Problem to work on
Using the listing below, set down exactly the lines starting at the line that contains "Баран Дорпер" and ending at the line that contains "Katten Twee lieve Bengaalse kittens", both included, and no others.

Material for this exercise Start Marker

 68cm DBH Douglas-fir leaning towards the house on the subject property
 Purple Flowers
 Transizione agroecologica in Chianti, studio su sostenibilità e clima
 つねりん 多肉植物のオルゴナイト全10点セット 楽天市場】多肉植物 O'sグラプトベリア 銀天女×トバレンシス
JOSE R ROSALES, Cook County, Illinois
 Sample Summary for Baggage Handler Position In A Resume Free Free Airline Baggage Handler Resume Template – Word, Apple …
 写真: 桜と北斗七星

Material for this exercise End Marker
Material for this exercise Start Marker

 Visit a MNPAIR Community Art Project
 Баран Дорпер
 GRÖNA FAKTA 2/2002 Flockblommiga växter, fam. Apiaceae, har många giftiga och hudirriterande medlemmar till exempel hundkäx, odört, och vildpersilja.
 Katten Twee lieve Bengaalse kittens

Material for this exercise End Marker

Written response
 Баран Дорпер
 GRÖNA FAKTA 2/2002 Flockblommiga växter, fam. Apiaceae, har många giftiga och hudirriterande medlemmar till exempel hundkäx, odört, och vildpersilja.
 Katten Twee lieve Bengaalse kittens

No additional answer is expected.